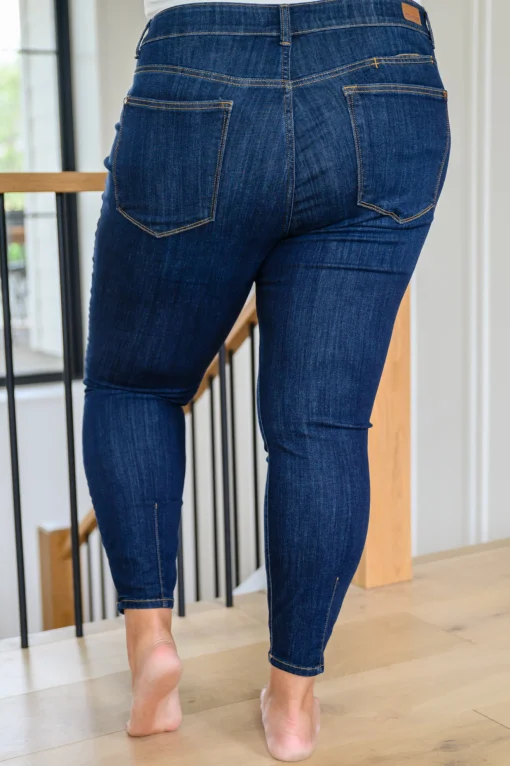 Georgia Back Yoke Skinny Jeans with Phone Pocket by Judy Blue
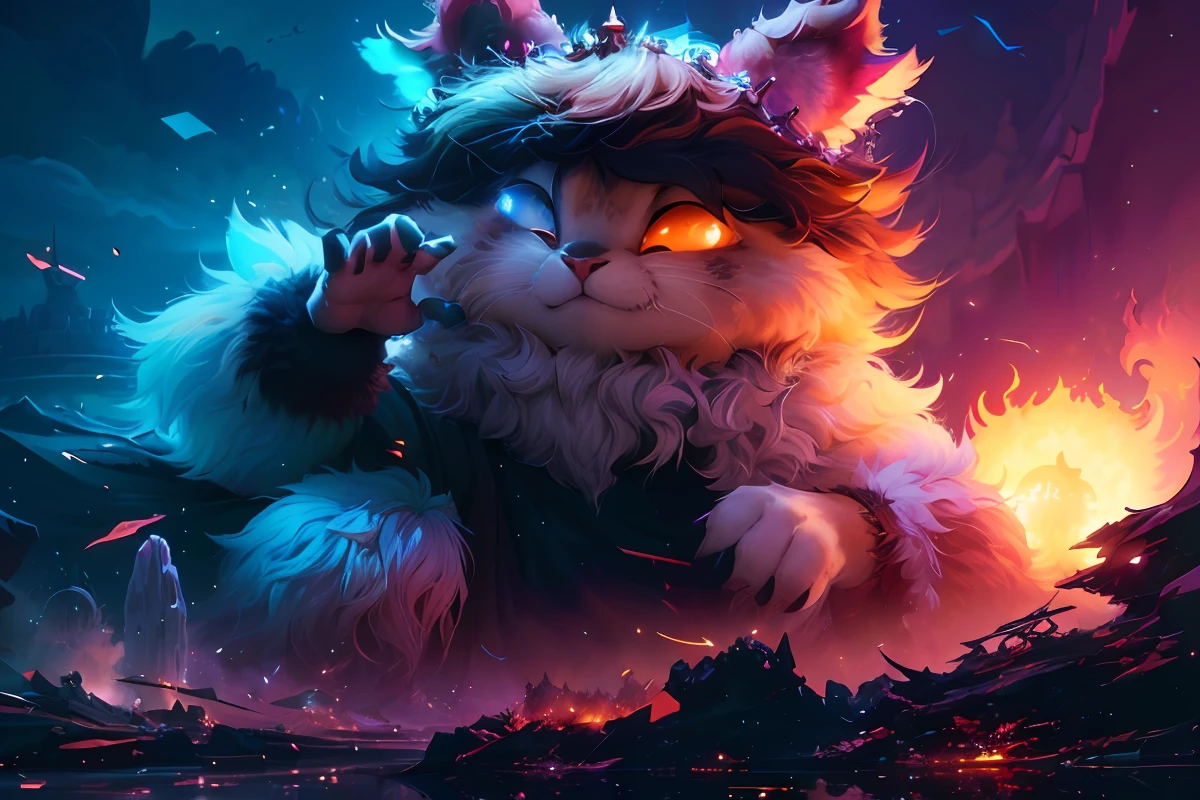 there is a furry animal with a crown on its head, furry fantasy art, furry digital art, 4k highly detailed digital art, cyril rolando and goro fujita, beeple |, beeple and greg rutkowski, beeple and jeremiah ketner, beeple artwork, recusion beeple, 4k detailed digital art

================================

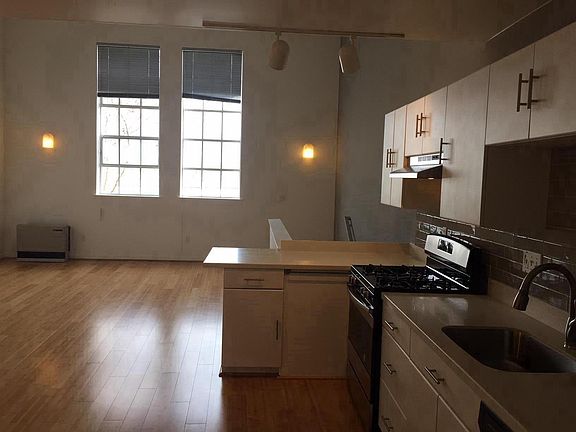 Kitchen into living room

================================

:: DIRECTIONS FOR THIS TASK ::
Please copy out from the data above, without any picture, exactly the lines running from the one that holds "Georgia Back Yoke" through the one that holds "there is a furry", and nothing beyond them.

:: ANSWER TO THIS PROBLEM ::
 Georgia Back Yoke Skinny Jeans with Phone Pocket by Judy Blue
 there is a furry animal with a crown on its head, furry fantasy art, furry digital art, 4k highly detailed digital art, cyril rolando and goro fujita, beeple |, beeple and greg rutkowski, beeple and jeremiah ketner, beeple artwork, recusion beeple, 4k detailed digital art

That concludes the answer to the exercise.